April 08, 2008

I'm talkin' 'bout jahiliyya, ya khayy

Abu Muqawama and his flatmate, Londonstani, have a running joke about the jahiliyya, which is best defined as the age of ignorance that preceded the Prophet Muhammad on the Arabian peninsula. Whenever we see some girl walking down the street wearing little by way of clothes, we'll stare, shake our heads, (stare a little more) and then remark ironically, "Man, what jahiliyya!"

Drug use, drunkenness, rock 'n' roll, and other forms of debauchery (or fun) get similarly thrown under the category of jahiliyya in our vernacular. Londonstani likes to say that if he tried to explain to his father that there was pornography on the internet, his father would have no idea what he was talking about. But if he said, "Dad, there's jahiliyya on the internet," Londonstani's father would know exactly what he was talking about.
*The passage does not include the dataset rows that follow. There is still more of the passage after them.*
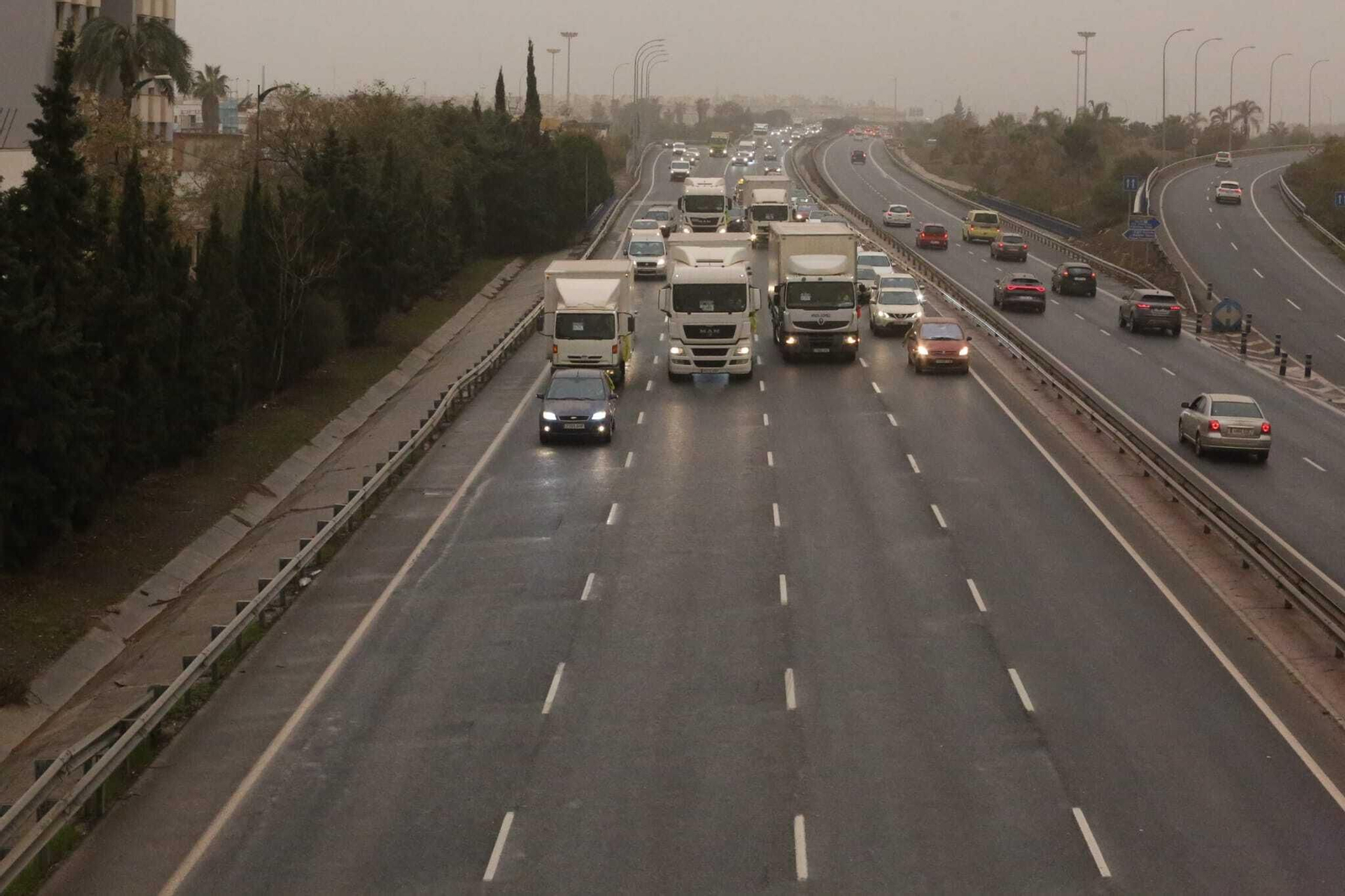 Varios camiones, esta tarde, generando retenciones en la entrada a Málaga en la A-357.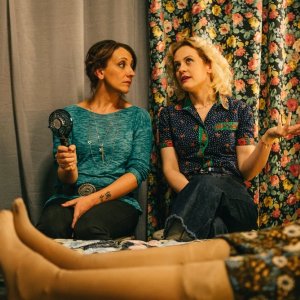 Metti la nonna in freezer: Lucia Ocone e Marina Rocco in una scena del film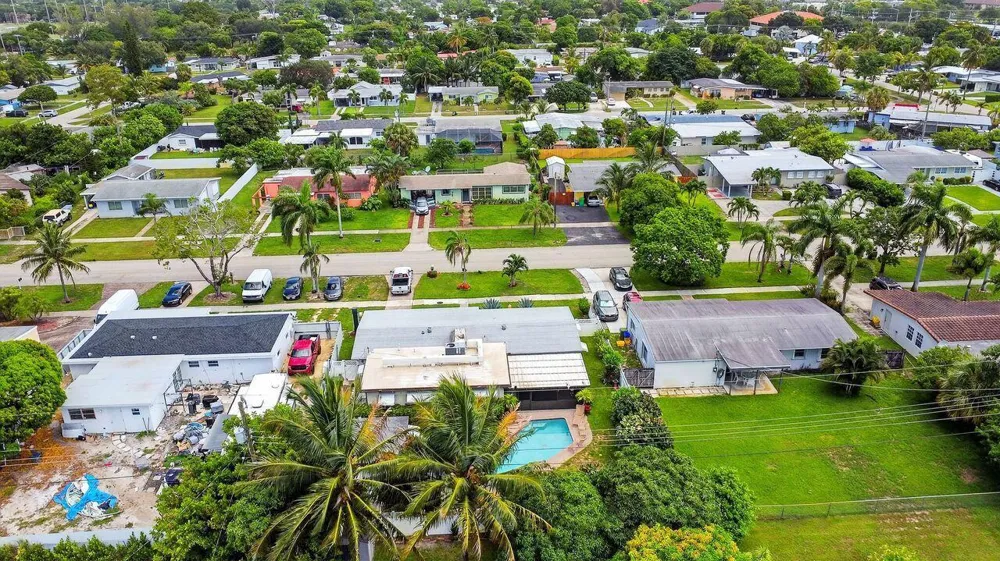 133 Greenbrier Drive Palm Springs, FL 33461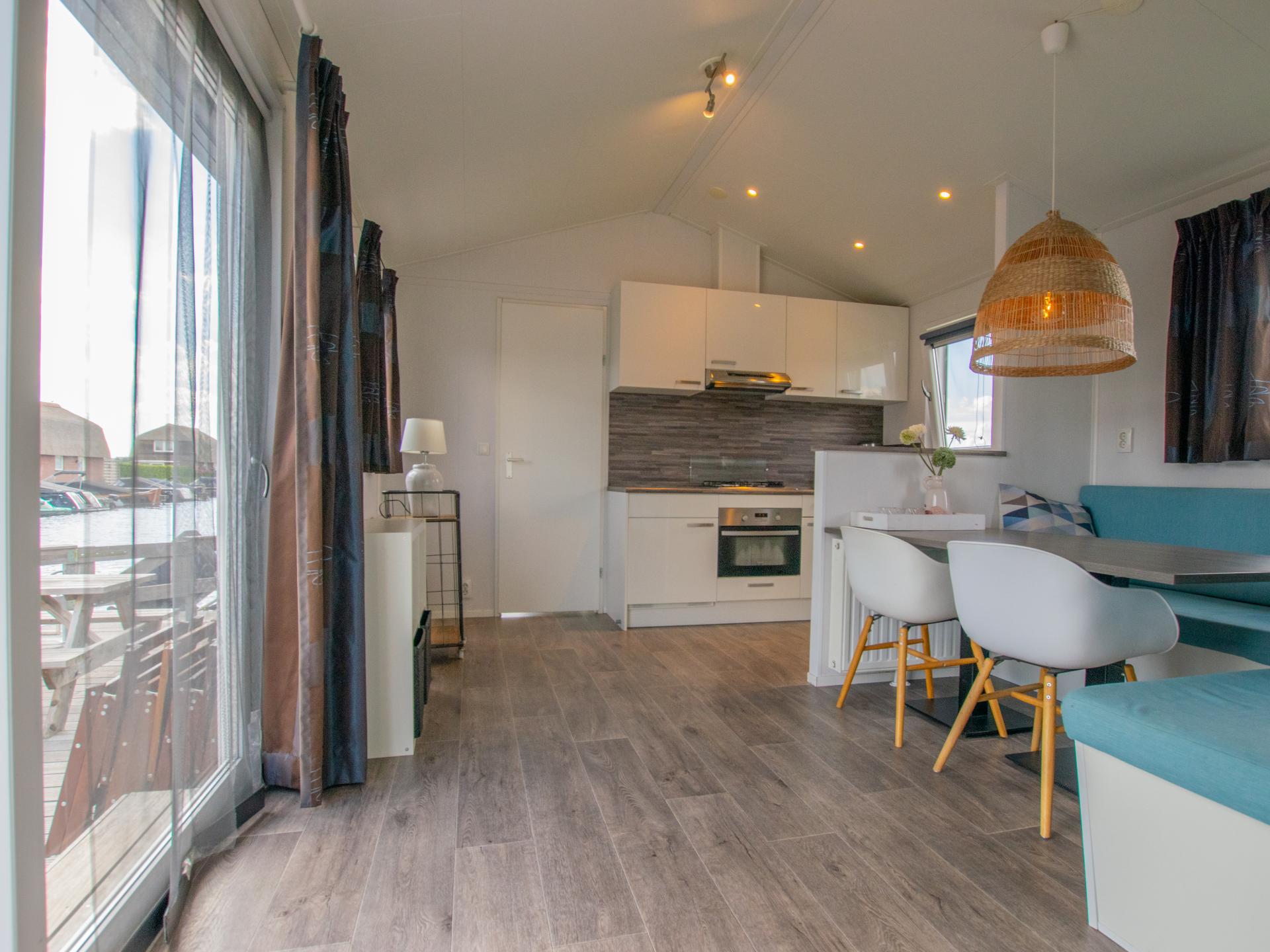 Modern chalet met eigen steiger aan de Loosdrechtse Plassen - foto 15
Abu Muqawama thinks about jahiliyya a lot, mainly because he often notes how much crap goes on in the Middle East that has less to do with Islam and more to do with tribal traditions that pre-date the Age of Islam. (Honor killings are but one example.) That's the point of Philip Carl Salzman's new book which is reviewed here in what David Brooks called, today, a "brilliant" review. Abu Muqawama gets as nervous when he reads the phrases "brilliant" and "in the Weekly Standard" together as he does when he reads "military analysis" and "in the New York Times" together. But he must admit that while he doesn't care too much for Stanley Kurtz's predictable jeremiads against the academy in the National Review, he does a nice job with this book review.

With their technologically advanced armies, modern Middle Eastern states may look like they've put an end to the independence of tribes. Yet with tribal rebellions centered in Iraq's Anbar province and Pakistan's Waziristan region, one way to think of the war on terror is as an unexpected recrudescence of classic tribe/state antagonism. ...

Since 9/11, we've understood Islam as the fundamental source of the cultural challenge coming from the Middle East. That has given rise to a strategy of direct assault--an almost Voltairean attempt to deflate religious pretensions in hopes of forcing a change. Islam itself may be a complex extension of tribal culture, yet technically, Islam is defined as something different from, and sometimes antagonistic to, pure tribalism. When Muslim immigrants in Europe debate amongst themselves female seclusion, cousin marriage, and honor killings, reformers argue that these are "cultural" rather than strictly "Islamic" practices. There is truth here and also an opening.

While tribalism is in one sense culturally pervasive in the Middle East, tribal practices are less swathed in sacredness than explicitly Koranic symbols and commandments--and are therefore more susceptible to criticism and debate. Even jihad and suicide bombing can be interpreted through a tribal lens. We've taught ourselves a good deal about Islam over the past seven years. Yet tribalism is at least half the cultural battle in the Middle East, and the West knows little about it. Learning how to understand and critique the Islamic Near East through a tribal lens will open up a new and smarter strategy for change. The way to begin is by picking up Salzman's Culture and Conflict in the Middle East.

Kurtz's review is a little maddening because at one point he suggests that tribalism endures because of Islam -- because it reminds people of society during the time of prophet -- and at another point suggests, correctly, that tribalism is something that exists outside of or contrary to Islamic traditions.

Abu Muqawama isn't sure if Kurtz gets this tension. On balance, he seems to think of Islam and tribalism as one and the same. Islam, however, suggests a community that transcends the old tribal divisions. And that's a powerful idea that Kurtz (almost) gets.